# Help with the following inequality

1. Aug 14, 2008

### evagelos

.........................[(x+y)(y+z)(z+x) +xy+xz+yz]/xyz >=
.........................(3xy+3xz+3yz+x^2+y^2+z^2)/[(x+y)(y+z)(z+x)]

2. Aug 14, 2008

### snipez90

Re: inequalities

That doesn't look like a very appealing inequality. Is there a condition for this inequality? I guess you could try dumbassing it by assuming x >= y >= z since the inequality is symmetric in x,y,z and then cross multiplying but I haven't figured out a nice solution yet.

3. Aug 14, 2008

### evagelos

Re: inequalities

thanks for the quick respond the only condition is that x>0,y>0,z>0

4. Aug 14, 2008

### morphism

Re: inequalities

What have you tried?

5. Aug 15, 2008

### cellotim

Re: inequalities

I would suggest, if x,y,z are positive, that you just get a common denominator and multiply the numerators out into expanded polynomials, then match up the terms.

6. Aug 15, 2008

### snipez90

Re: inequalities

Yeah just as I had guessed, the inequality is basically just multiplying out, moving everything to one side, and relying on the fact that the sum of positive real numbers is greater than 0.
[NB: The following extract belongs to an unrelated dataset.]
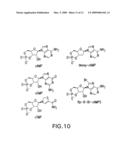 Screening assay to identify non-ATP-competitors targeting protein kinase A diagram and image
That is really a nasty inequality. It's symmetric but that doesn't make anything better. It's not homogeneous, so we can't come up with any additional constraints. It doesn't rely on any clever manipulations or other well-known inequalities (unless you count a simple albeit important fact). It's somewhat instructive but taken in perspective it's no where near as instructive as the other inequality you posed.

7. Aug 15, 2008

### evagelos

Re: inequalities

so what do we do now?

8. Aug 15, 2008

### evagelos

Re: inequalities

Give me a solid proof please

9. Aug 16, 2008

### cellotim

Re: inequalities

The change of variables:

$$s = x + y + z, t = xyz, w = 1/x + 1/y + 1/z$$

might help. Note that $$(x + y)(y + z)(x + z) = swt - t$$ and $$xy + xz + yz = tw$$. The inequality becomes: $$sw + w - 1 \geq (s^2 + 2tw)/(stw - t)$$, if my calculations aren't off. Also note that $$sw \geq 1$$.

10. Aug 16, 2008

### evagelos

Re: inequalities

cellotim you mixed up worst now

11. Aug 17, 2008

### cellotim

Re: inequalities

Does this mean that I made a mistake or that I've confused you more?

If you want to know how I would solve this problem for a class, I would sit down at Maple or Mathematica, cross-multiply the denominators, and have the computer symbolically expand each side (in x,y,z), then I would make sure that all the coefficients on the LHS are bigger than all the coefficients on the RHS. It would be a huge mess, but it would get it done. I don't know if you have access to any maths software, but that is how I would do it. (Of course you can do it all or partially by hand if you need to show that work. It wouldn't take more than 30-1hr.)